▸ **Activity**:
Begin at the line containing "去除鸡眼视频,跟随视频教程学除法" in the records below, end at the line containing "Gervinho, fără bentiţă", and retype each line in that span exactly. No other line and no image should appear.

▸ **Provided records**:

· · · · · · ·

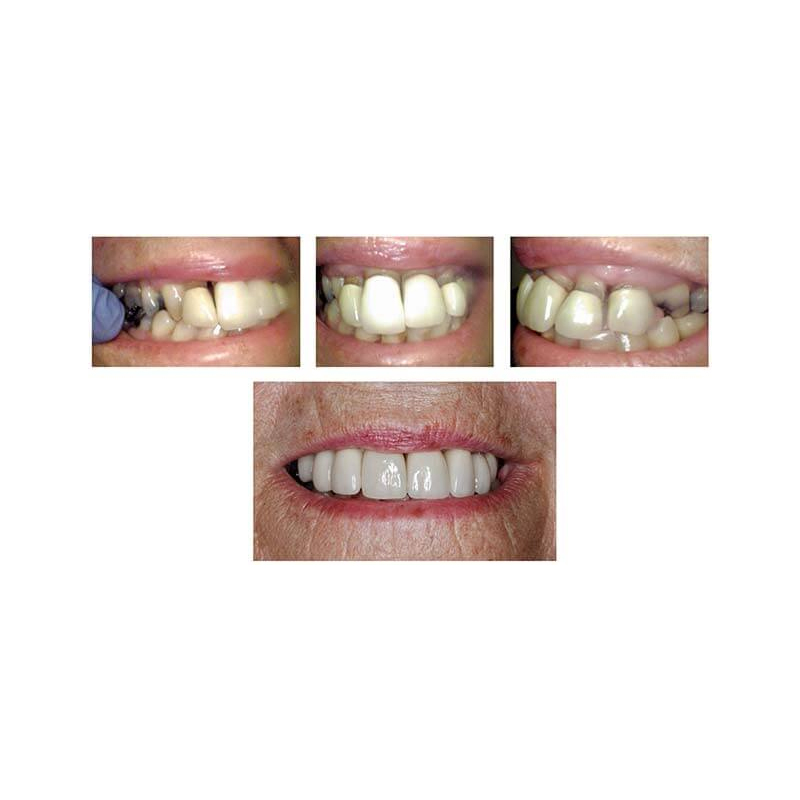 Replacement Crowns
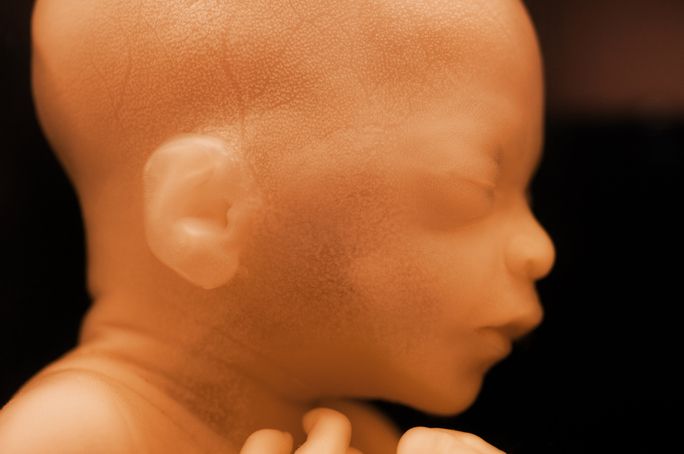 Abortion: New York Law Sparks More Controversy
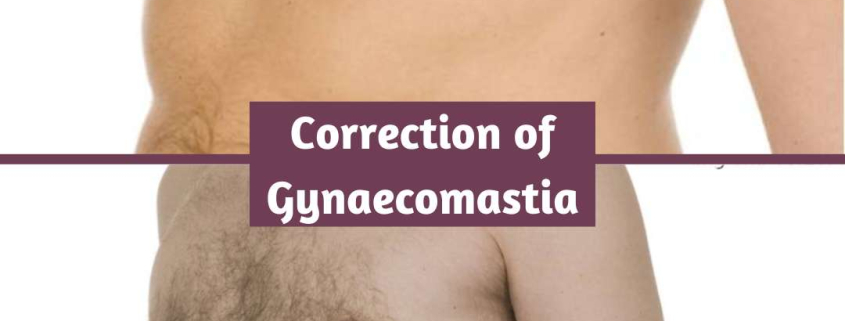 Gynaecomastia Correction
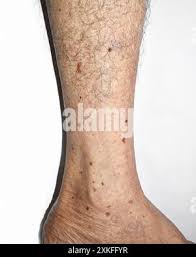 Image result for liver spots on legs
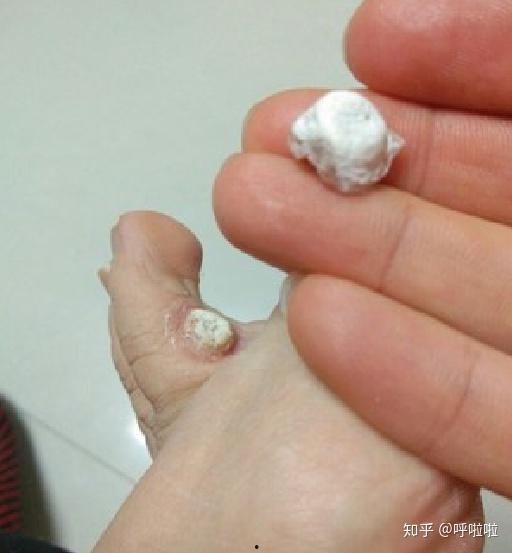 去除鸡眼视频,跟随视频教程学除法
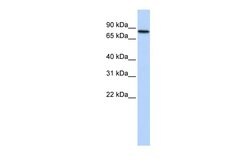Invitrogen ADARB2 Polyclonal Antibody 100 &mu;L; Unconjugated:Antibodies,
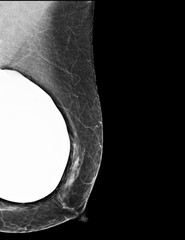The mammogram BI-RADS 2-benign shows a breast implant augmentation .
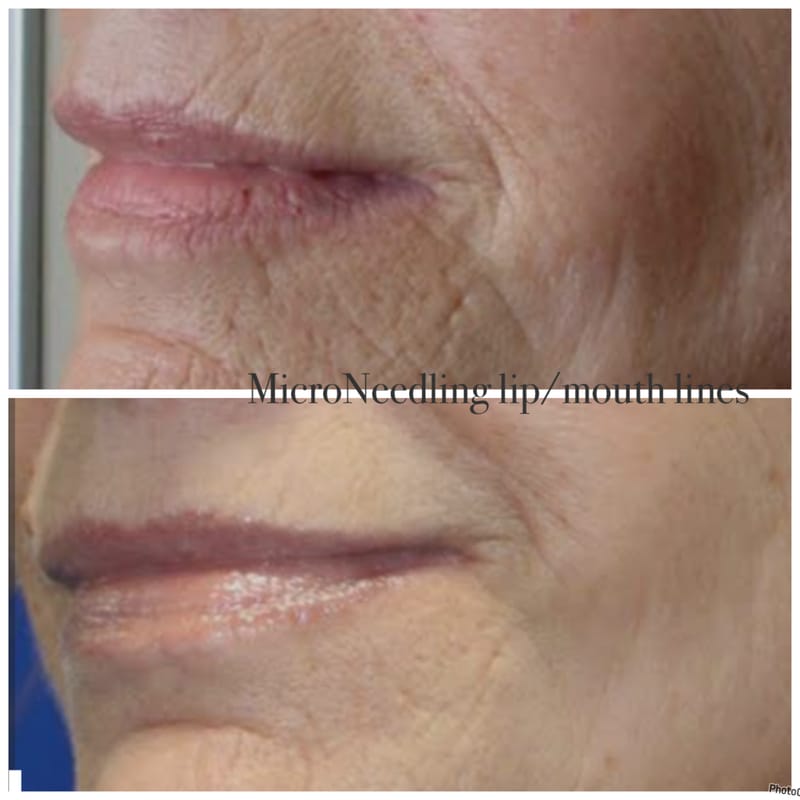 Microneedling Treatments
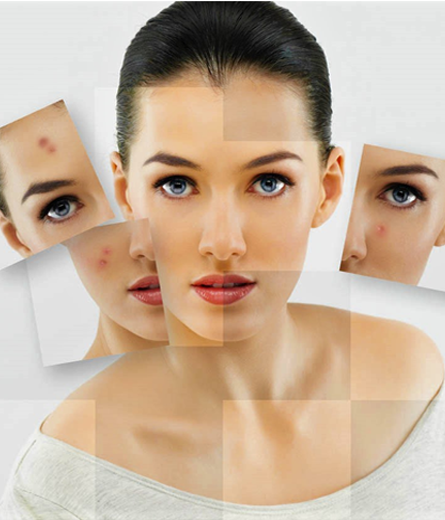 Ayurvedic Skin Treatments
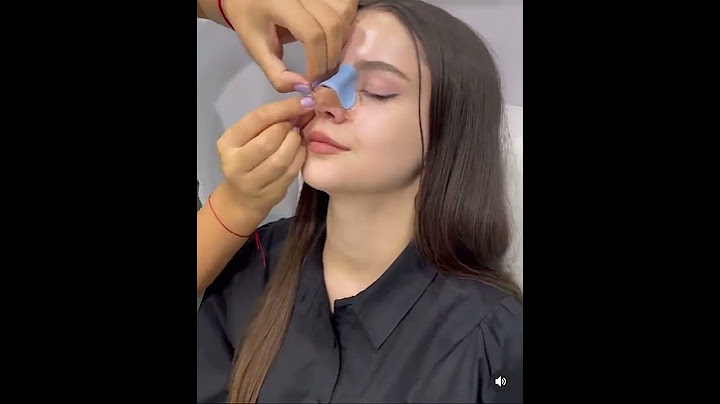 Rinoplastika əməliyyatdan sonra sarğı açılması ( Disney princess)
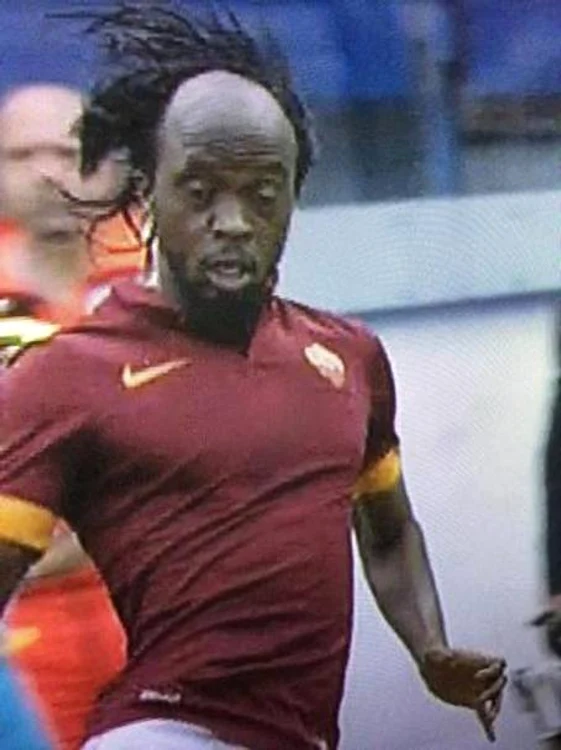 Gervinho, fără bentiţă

· · · · · · ·

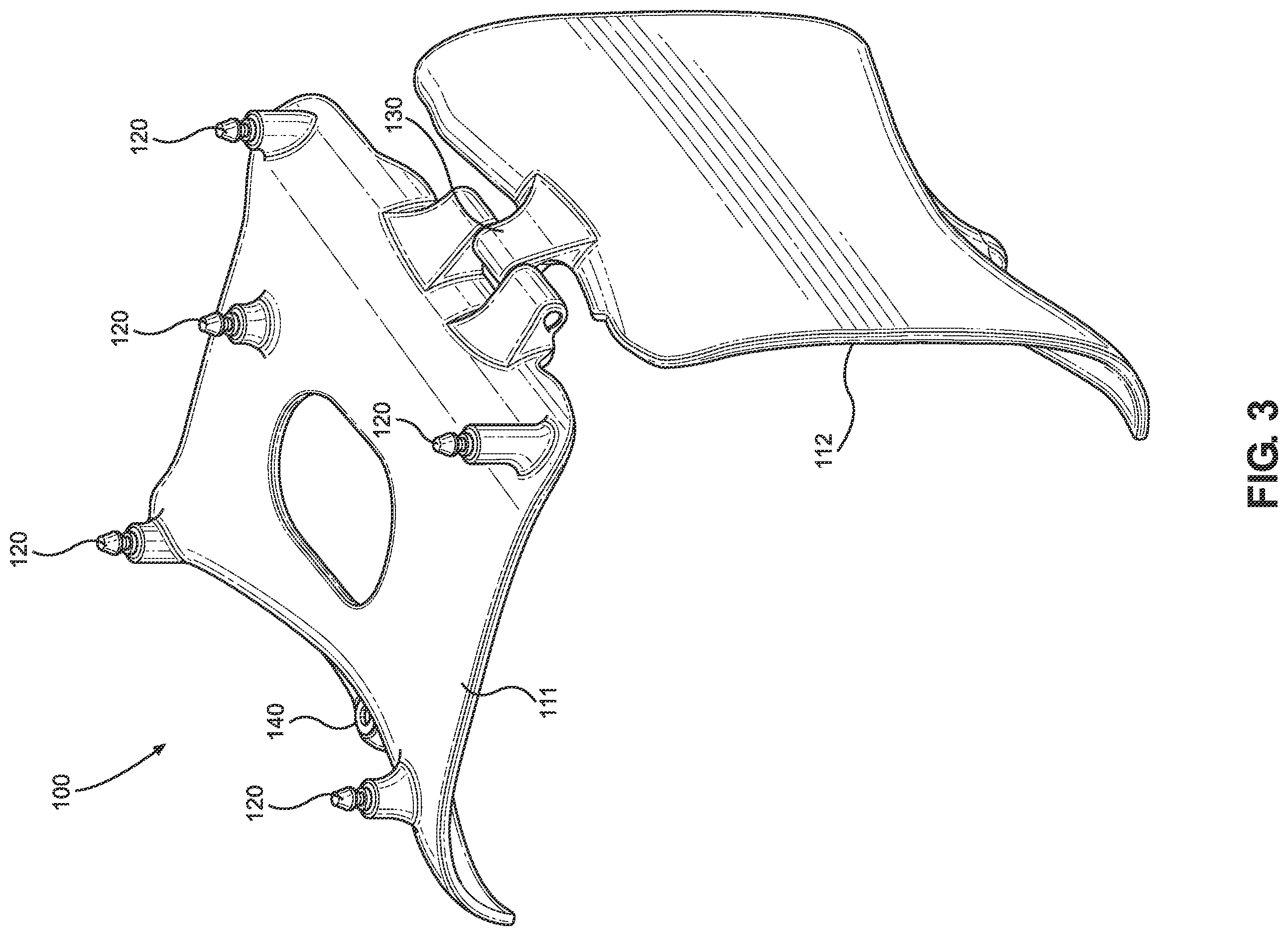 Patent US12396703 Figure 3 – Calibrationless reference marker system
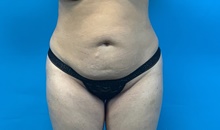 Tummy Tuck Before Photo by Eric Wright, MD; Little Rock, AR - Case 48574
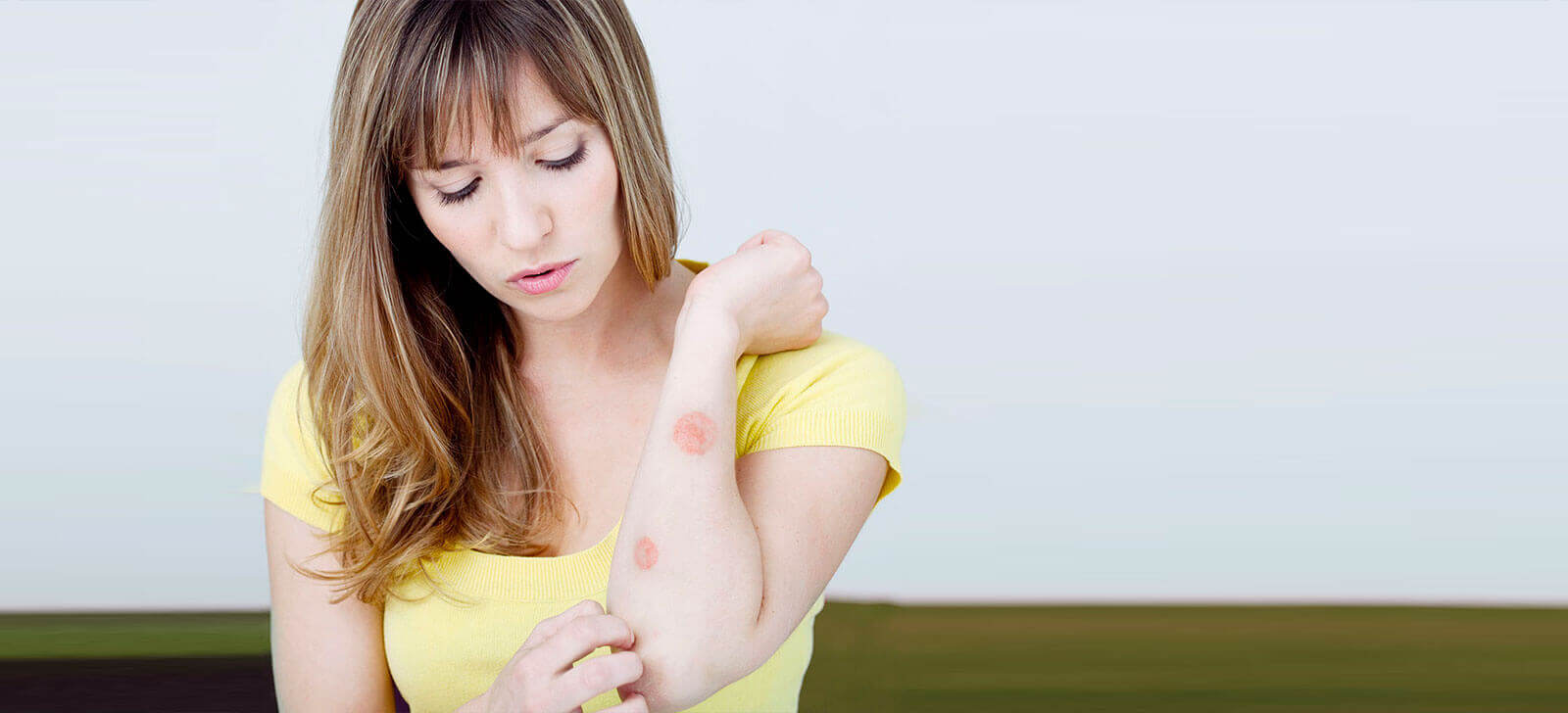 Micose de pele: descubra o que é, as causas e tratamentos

· · · · · · ·

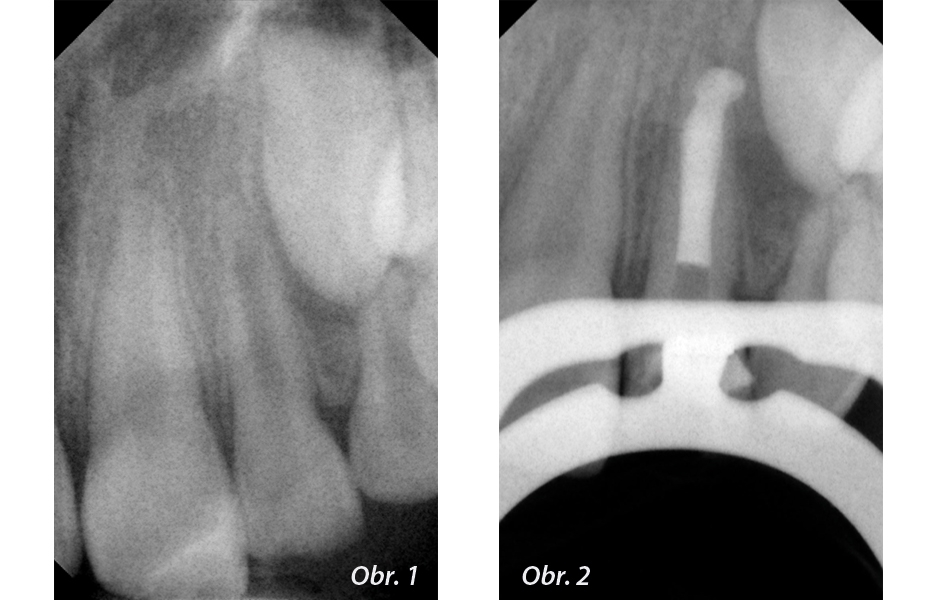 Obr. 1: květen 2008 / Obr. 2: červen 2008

· · · · · · ·

▸ **Expected answer**:
 去除鸡眼视频,跟随视频教程学除法
Invitrogen ADARB2 Polyclonal Antibody 100 &mu;L; Unconjugated:Antibodies,
The mammogram BI-RADS 2-benign shows a breast implant augmentation .
 Microneedling Treatments
 Ayurvedic Skin Treatments
 Rinoplastika əməliyyatdan sonra sarğı açılması ( Disney princess)
 Gervinho, fără bentiţă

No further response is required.